1. Choose Your Conveyancer Carefully
Buying a property is a very personal thing, so you need to feel comfortable with the people who are working for you. Recommendations and reputations are great, but have a look at what they offer. The best conveyancers will go out of their way to make the process as transparent as possible, and some, such as Sam Conveyancing, provide you with an online account enabling you to track progress at every step with constantly updated information.
2. Choose Your Buyer or Seller Just as Carefully
The highest bid isn’t necessarily the best bid. There are many other considerations like the length and complexity of any chain, whether your buyer is a cash purchaser and the nature of the property you’re buying: for example, its age, its location and whether it is freehold or leasehold.
3. Keep Organised
Conveyancing involves enormous amounts of paperwork, even in the digital age. You can’t control how other parties organise their paperwork, but you can make sure that yours is up-to-date and easily accessible.
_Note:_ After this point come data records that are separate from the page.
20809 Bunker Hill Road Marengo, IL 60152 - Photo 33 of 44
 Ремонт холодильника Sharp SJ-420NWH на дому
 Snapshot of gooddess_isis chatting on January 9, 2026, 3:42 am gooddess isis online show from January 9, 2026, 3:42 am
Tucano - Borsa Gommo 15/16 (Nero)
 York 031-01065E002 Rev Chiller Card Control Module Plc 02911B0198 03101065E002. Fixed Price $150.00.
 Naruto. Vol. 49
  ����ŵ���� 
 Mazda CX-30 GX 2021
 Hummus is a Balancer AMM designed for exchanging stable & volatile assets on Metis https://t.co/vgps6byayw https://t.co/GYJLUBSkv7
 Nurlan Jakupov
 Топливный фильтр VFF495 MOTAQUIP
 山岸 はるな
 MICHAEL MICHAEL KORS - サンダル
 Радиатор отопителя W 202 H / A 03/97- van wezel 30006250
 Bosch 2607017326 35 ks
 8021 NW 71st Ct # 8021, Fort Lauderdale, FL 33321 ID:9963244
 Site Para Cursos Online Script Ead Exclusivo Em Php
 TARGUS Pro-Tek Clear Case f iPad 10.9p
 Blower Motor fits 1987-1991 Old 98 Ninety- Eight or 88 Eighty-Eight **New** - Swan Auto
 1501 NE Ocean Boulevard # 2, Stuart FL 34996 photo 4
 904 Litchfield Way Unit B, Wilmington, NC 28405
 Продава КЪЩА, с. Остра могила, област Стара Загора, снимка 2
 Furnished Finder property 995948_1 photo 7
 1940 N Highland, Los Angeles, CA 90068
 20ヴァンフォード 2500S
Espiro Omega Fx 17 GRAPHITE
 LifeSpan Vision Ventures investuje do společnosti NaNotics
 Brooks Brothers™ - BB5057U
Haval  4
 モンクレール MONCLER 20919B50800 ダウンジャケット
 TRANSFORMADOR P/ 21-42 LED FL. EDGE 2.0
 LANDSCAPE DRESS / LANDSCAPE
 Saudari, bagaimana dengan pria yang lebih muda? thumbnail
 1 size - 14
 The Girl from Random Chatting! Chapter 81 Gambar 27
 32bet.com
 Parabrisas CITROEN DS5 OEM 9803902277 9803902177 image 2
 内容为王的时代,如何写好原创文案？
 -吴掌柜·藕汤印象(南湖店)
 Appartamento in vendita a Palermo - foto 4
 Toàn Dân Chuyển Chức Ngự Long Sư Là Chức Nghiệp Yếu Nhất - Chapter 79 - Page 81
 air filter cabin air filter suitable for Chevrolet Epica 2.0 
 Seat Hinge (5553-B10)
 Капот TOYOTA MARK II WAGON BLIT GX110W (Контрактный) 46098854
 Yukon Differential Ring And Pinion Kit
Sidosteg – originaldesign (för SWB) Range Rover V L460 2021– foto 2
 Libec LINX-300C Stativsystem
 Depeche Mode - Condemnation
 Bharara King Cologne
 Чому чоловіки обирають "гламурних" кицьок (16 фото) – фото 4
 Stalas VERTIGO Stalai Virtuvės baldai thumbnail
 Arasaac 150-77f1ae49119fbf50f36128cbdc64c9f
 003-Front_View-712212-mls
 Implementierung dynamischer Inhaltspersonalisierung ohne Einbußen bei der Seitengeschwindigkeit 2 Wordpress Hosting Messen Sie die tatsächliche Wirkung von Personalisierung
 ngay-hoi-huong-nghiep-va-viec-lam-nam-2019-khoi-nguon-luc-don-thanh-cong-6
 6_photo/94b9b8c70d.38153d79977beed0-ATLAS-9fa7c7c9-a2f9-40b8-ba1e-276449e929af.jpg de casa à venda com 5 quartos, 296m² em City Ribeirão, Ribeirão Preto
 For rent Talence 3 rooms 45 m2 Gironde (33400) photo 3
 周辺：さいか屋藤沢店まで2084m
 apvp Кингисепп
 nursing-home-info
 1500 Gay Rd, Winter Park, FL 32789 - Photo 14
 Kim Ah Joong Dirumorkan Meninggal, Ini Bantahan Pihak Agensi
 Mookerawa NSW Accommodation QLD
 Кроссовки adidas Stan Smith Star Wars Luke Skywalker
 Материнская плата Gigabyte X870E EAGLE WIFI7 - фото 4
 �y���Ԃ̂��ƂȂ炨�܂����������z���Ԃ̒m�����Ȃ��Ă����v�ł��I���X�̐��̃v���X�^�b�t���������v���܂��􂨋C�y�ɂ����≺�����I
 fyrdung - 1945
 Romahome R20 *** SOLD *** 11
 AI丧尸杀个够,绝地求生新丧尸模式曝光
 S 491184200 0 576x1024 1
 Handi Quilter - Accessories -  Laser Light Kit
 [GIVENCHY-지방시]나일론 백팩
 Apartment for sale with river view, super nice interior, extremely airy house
That includes even documents you might not consider important – pay-slips, tax returns, gas and electrical certificates, receipts for repairs or modifications done. When your conveyancer asks you for them, make sure you can supply them without delay.
4. If in Doubt, Ask
Your conveyancer doesn’t expect you to be an expert, and sometimes they might slip into the jargon of their profession. If there is anything you don’t understand, or something you don’t like the sound of, then speak up. Don’t be afraid to ask a question as often as you need until you understand the answer. Buying and selling is a big deal. Make sure you know what is happening, what it means and where you stand – at all times.